Black Girls Do Bike is a grassroots movement that seeks to create a supportive place for female cyclists to grow, build friendships, and explore a world outside their comfort zone. It helps women across the country set goals, spread positivity, and realize their own strength. The group’s efforts focus on girls and women of color, but everyone is welcome.
Outlay said it’s frustrating to hear the misnomer that Black women simply don’t exercise. When it comes to cycling, there are a few factors that can keep women of color from spinning around on two wheels.
“There are some barriers,” said Outlay, who is also a University of Wisconsin-Whitewater professor. “One is having a bike. They can be expensive. Then, there are women who simply do not know how to ride a bike. And, helmets are a barrier for some, especially those who have updos, braids or a poof.”
Helmets are not required by law, but many bike groups require them as a safety feature, Outlay said.
Nationally, BGDB has over 80 chapters and thousands of members across the U.S. and the Caribbean island of Antigua. They host annual meetups, organize virtual group rides, share inspiring stories, connect women across the country who share a passion for cycling, and, most importantly, get more women of color on bikes.
Lead by “Sheroes”, the organization helps build confidence in a physically and environmentally healthy form of transportation … one pedal push at a time.
Suzanne Dorsey-Sterling is one of BGDB’s newest members. She admits that she purchased a bike well over a year ago, but let it collect dust before pushing herself to really get in shape. She attributes that get-up-and-go attitude after a friend challenged Dorsey-Sterling to ride 100 miles in a month.
“My friend told me to just try 25 miles a week and I was like, I don’t know if I can even finish five miles,” said the 54-year-old Dorsey-Sterling. “Somehow, someway, with the encouragement of my husband, I completed 140 miles last month. With that momentum going, I’m just going to keep riding.”
She admits there are physical and psychological perks of group cycling with peers. You don’t feel alone.
“I’m slightly overweight, but I don’t have any health issues and I don’t want them to start,” Dorsey-Sterling said. “So, I wanted this new lifestyle change so I can be healthier. It’s still hard, I can’t even lie, but it gets better every time and I really enjoy it.”

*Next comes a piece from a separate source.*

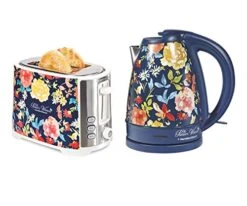 The Pioneer Woman Extra-Wide|2 Slice Toaster|Fiona Floral Bundle With The Pioneer Woman| 1.7 Liter Electric Kettle|Fiona Floral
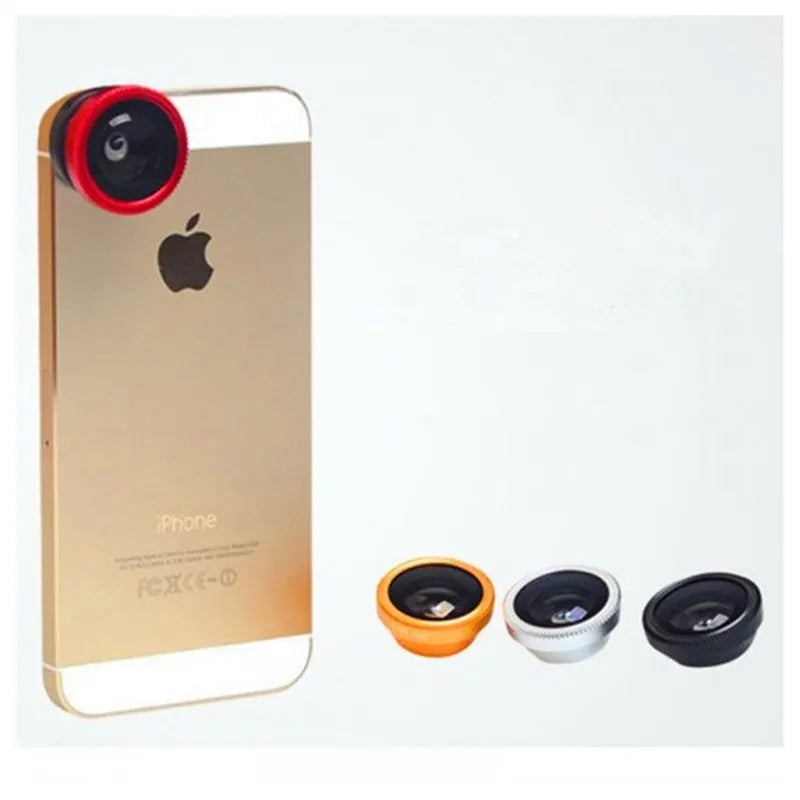 Smartphone 3-in-1 lens kit showing fisheye, wide angle, and macro lenses with universal clip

Members of Black Girls Do Bike assist new riders in building stamina and bicycle etiquette. Although exercise is an obvious benefit, bike riding is a great way for members to become aware of issues in their neighborhood and other nearby communities.
Madison’s Dawn Crim, state Secretary of Safety and Professional Service, is an avid cyclist. Some 10 years ago, she hit the pavement before daybreak with a group from the Boys & Girls Club called the Night Riders. When she learned about a local chapter of the Black Girls Do Bike forming, she was all in.
“We really need more Black women to join us,” Crim said. “We take our time and teach bicycle set up, bicycle safety and attend bicycle events around the city. …The nice thing about this group is that you don’t have to worry about keeping up. You build up. We have a no drop rule so that nobody is left behind.”
Crim bears witness to the changing culture of cycling. She cycles with everyone from community leaders to family members.
“It’s exhilarating and nice just to be outside,” said Crim, who hits the trails from April to November. “So, come on and meet me.”
On this day, as the two chapters meet up for the third time, the all-women cyclists had their choice between completing a 14-mile or 32-mile trek from Machinery Row and through the Capital City trail around Fitchburg, UW-Madison’s campus and the Arboretum trail. The women made stops at the farmers’ market on the Capitol Square and Africa Fest at McPike Park.
To onlookers, the adventure was inspiring and invigorating.